I haven’t been writing here or in my journal for that matter, except in a scattered fashion. I have tried, but I find that my attempts at journalling don’t match my passion for writing the Ladies stories. It has just come to me that even though the stories are fiction many of them are autobiographical, and if the facts aren’t the same, the feelings are. The rainbow is my feel-o-meter, if I am not drawing rainbows in journals there are rainbows in my heart, I am very drawn to color, the colors are in the ladies that I draw and what I hold in my heart on a given day comes out in their stories. I am learning, in this last day, from Ruby, how to be wholly myself without dents, holes, or bruises. How to let those whole parts of myself shine like the sun and light my way. I can tenderly minister to the broken parts if I focus on those that are strong and brave, that shimmer and shine, that are solid and rooted in the earth, for most of me, if I stop to think about it, is much stronger than I usually give myself credit for.
With each Lady that I draw I unearth another piece of myself, another fragment, like finding a shard of pottery buried in the earth on an archaeological dig. Her eyes peer out at me from the page and her story is transmitted by some magic that is part of me yet beyond me. I am a scribe at the knee of the Lady I am serving on a particular day, and the Lady may be a piece of myself, or a woman in the world that I am meant to serve, to touch, to reach out to, through my pen and paint brush and keyboard.
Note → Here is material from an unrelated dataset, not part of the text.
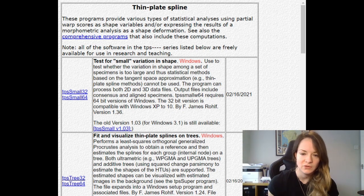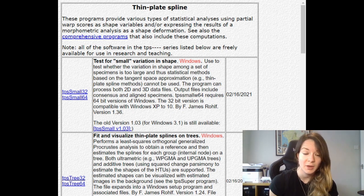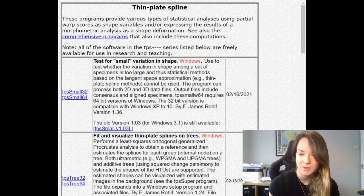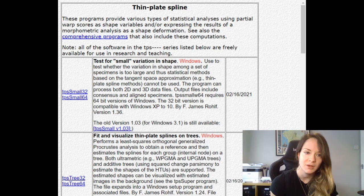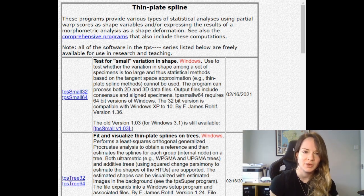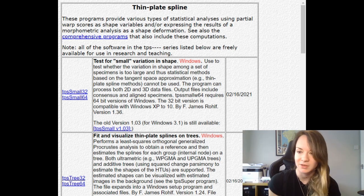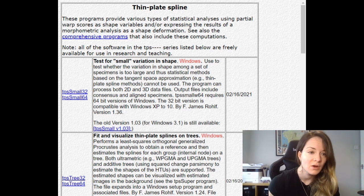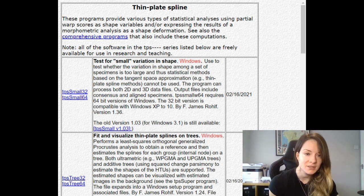So today we're going to be looking at different software, also part of the TPS suite of software. TPS-REL-W is another computer program used for performing geometric morphometric analysis on specimens.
You see it’s all very complex and if I stop to try to dissect it it loses its magic and fades from view. Emerson wrote, “Do the thing and you will have the power.” In creating the Ladies and their stories I am simply doing the thing and the spark of energy, the power, is transmitted to the world when I hit “Publish” and let it go. I didn’t know how to be Ruby until after her story was published. I was defined by my dents and holes and bruises. Now I can see that those things are part of the whole but not the definition of myself.
I created a Lady daily from October through December. Now I am working at creating them steadily, every day or so, and writing their stories, and letting them show me where they want to go. Will there be a book of the Ladies and their stories? Will it be a book about making art past 60, finally coming into myself as an artist, letting art, via the Ladies, teach me and heal me and sustain me? All are part of what I am doing with this project, The 100 Ladies Project, and I want to reach out to other women, to show them that they, too, can be all that they dream of being, and especially to those who want to make art, who have throughout their lives longed to make art but thought that they couldn’t draw, weren’t artistic, simply couldn’t do it, that they can do it, and further, that they must. Because it is in doing the thing that the dents and holes and bruises are banished, and the power unleashed in our lives.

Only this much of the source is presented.